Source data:

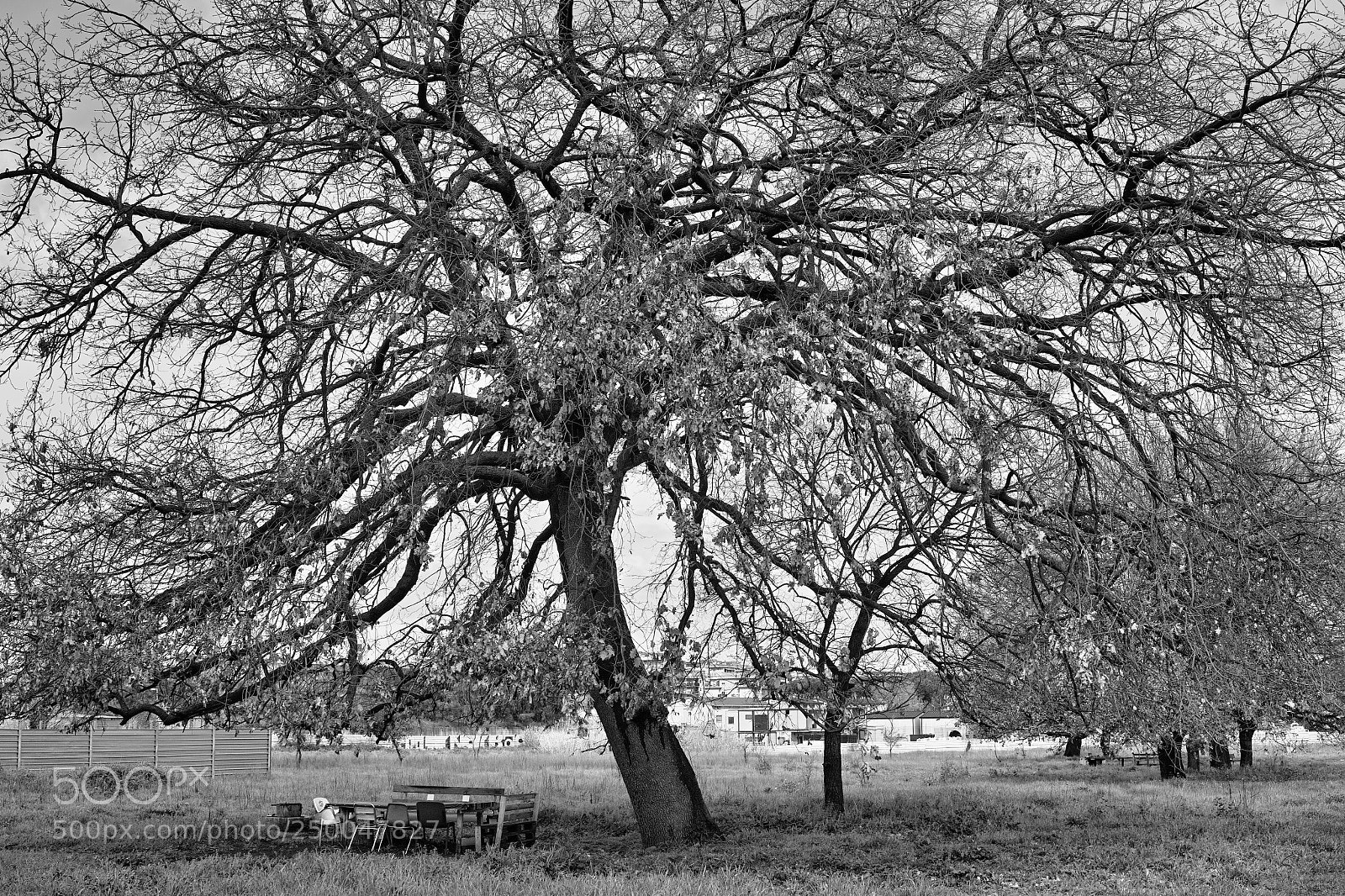 Sigma DP2 Merrill sample photo. Inverno in periferia photography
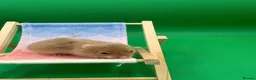Hamster rodents for sale: Adorable Syrian hamster babies  - Advert 5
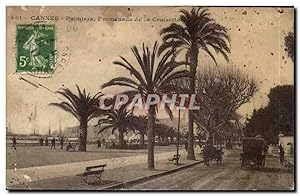 CAnnes Carte Postale Ancienne Palmiers Promenade de la CRoisette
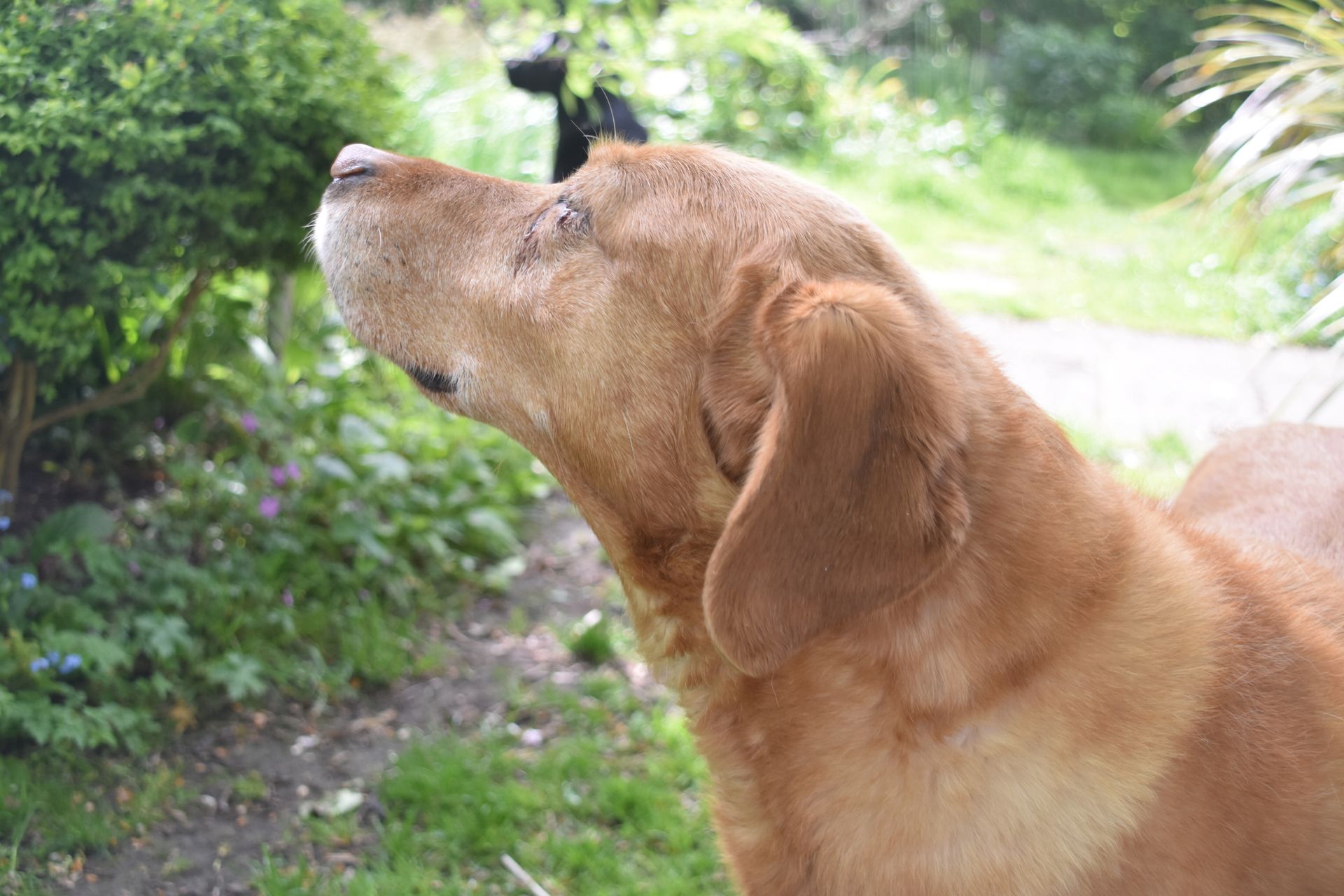 BBC Radio 3 | Inside Music with Gary Matthewman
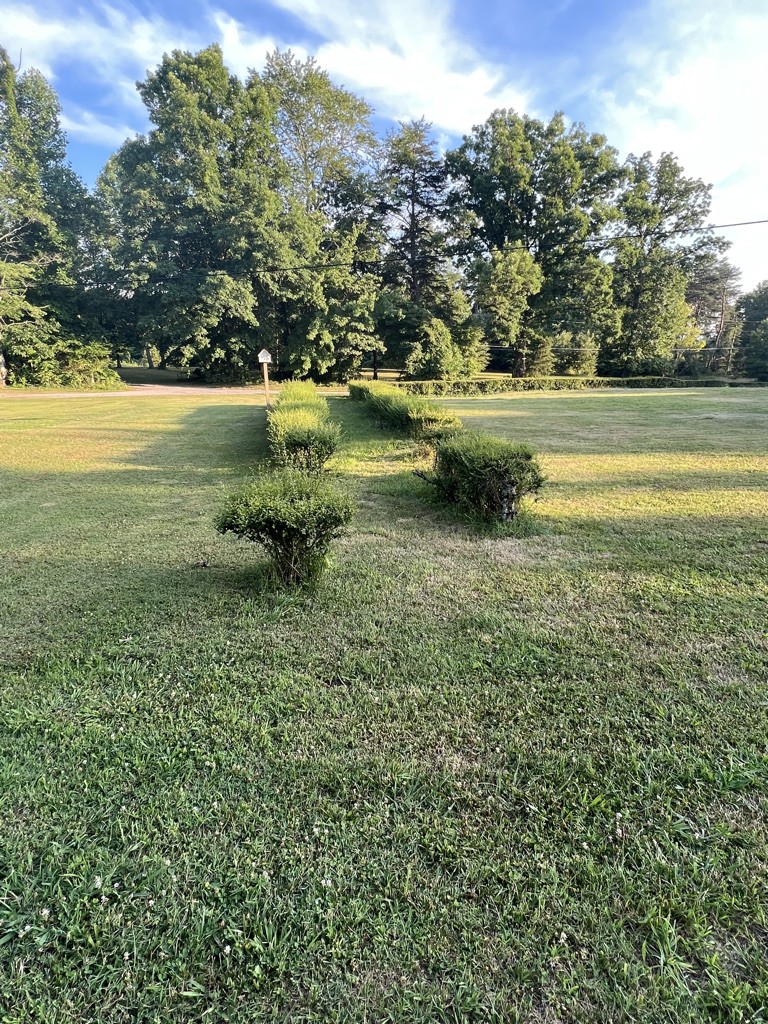 890 Hobbs Hill Road Tracy City, TN 37387 - Photo 28 of 31 a view of a lake with a yard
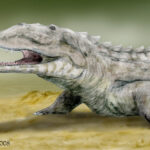 smilosuchus_by_ntamura_d1kmlun-fullview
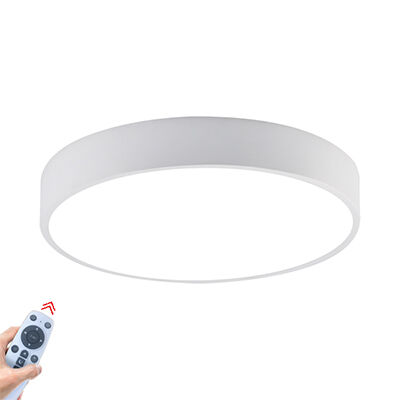 Ceiling Light Blade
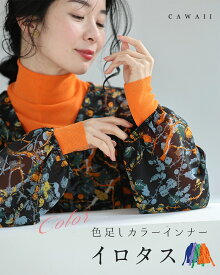 （4/1～4/15前後の出荷予定）【予約♪2/20 20時】（SM/LXL対応）色足しカラーインナー　イロタス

- About this exercise
Transcribe the lines that run from the line bearing "890 Hobbs Hill" through the last line of the data. Keep the wording exact and leave out every picture.

- Answer box
 890 Hobbs Hill Road Tracy City, TN 37387 - Photo 28 of 31 a view of a lake with a yard
 smilosuchus_by_ntamura_d1kmlun-fullview
 Ceiling Light Blade
 （4/1～4/15前後の出荷予定）【予約♪2/20 20時】（SM/LXL対応）色足しカラーインナー　イロタス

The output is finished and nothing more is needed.